Remarquez du reste, messieurs, que la loi de 1833 n'a pas défini ce qu'elle entend par faits connexes à un délit politique, elle s'est rapportée à cet égard à l'appréciation des magistrats et des autorités qu'elle a appelés a se prononcer sur l'extradition.

Tout à cet égard dépend des circonstances particulières qui ne sauraient être précisées d'avance et qui doivent être abandonnées à la sagesse des juges.

Nous devons donc, sur ce point, laisser les choses sous l'empire des dispositions légales et nous ne pouvons qu'imiter la sagesse du législateur de 1833 qui a compris qu'on ne pouvait définir des faits essentiellement variables dont l'appréciation devait dépendre des circonstances particulières auxquelles ils se rattachent.
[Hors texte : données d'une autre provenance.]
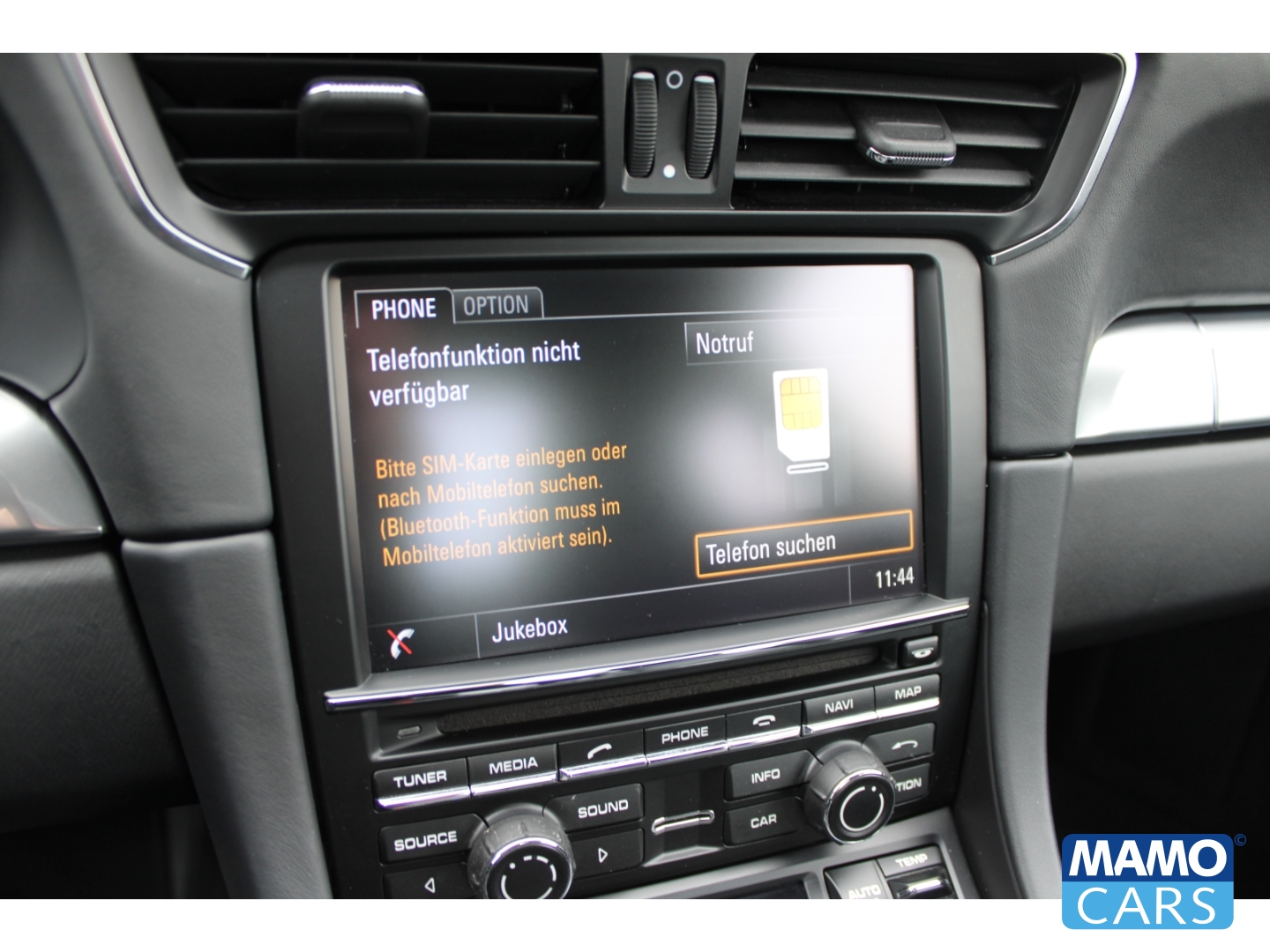 Fahrzeugabbildung Porsche 991 911 Carrera S/SHD/BI-XENON/*Occasion*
Il me reste à répondre à quelques observations présentées par M. Malou.

L'honorable membre persiste à soulever que l'extradition ne constitue pas une mesure exceptionnelle, mais il faut méconnaître tous les principes pour contester une vérité aussi évidente.
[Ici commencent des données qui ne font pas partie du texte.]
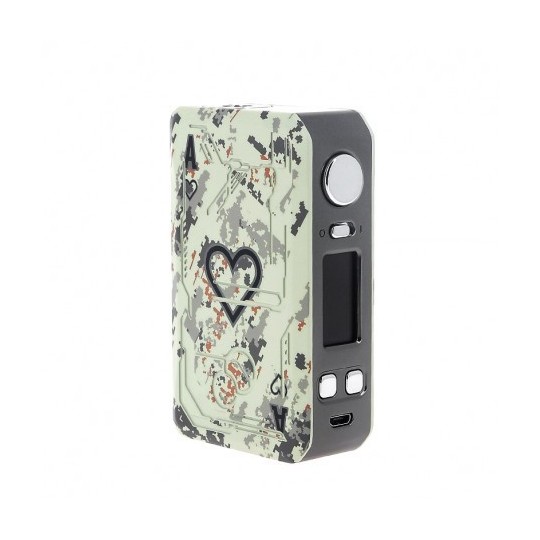 Box Poker 218W  Teslacigs
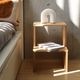�ڤ����󤻡�esaila (��������) Tova Stool (�ȡ����� ���ġ���) �ʥ����륪����/�֥�å� ����ƥꥢ/�ػ�/������������Ź��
En effet, puisque en règle générale l'étranger a droit à la protection due aux personnes et aux biens, il est certain que la disposition qui fait cesser ce état de choses est exceptionnelle.

La loi sur les extraditions est tellement une exception, qu'elle n'est autorisée que pour certains délits seulement.

L'honorable M. Malou dénie la théorie que nous avons développée en ce qui concerne le fait principal et le fait accessoire. Il méconnaît une distinction de cette espèce ; mais si M. Malou avait lu l'arrêt de la cour de cassation dans l'affaire Jacquin, ainsi que le réquisitoire de M. l'avocat général Delebecque, il aurait vu écrite textuellement dans les documents la distinction dont j'ai parlé.

Du reste, cette distinction est fondée sur la nature des choses. En effet, il est évident que si, par exemple, un prétendant envahissait un pays, soulevait une insurrection et engageait une lutte dans laquelle des homicides auraient été commis, ces homicides ne sont évidemment qu'accessoires au fait principal qui est l'insurrection. Eh bien, nous prétendons qu'en ce cas l'extradition ne pourrait être accordée, même lorsqu'il s'agit de meurtre commis sur un simple particulier.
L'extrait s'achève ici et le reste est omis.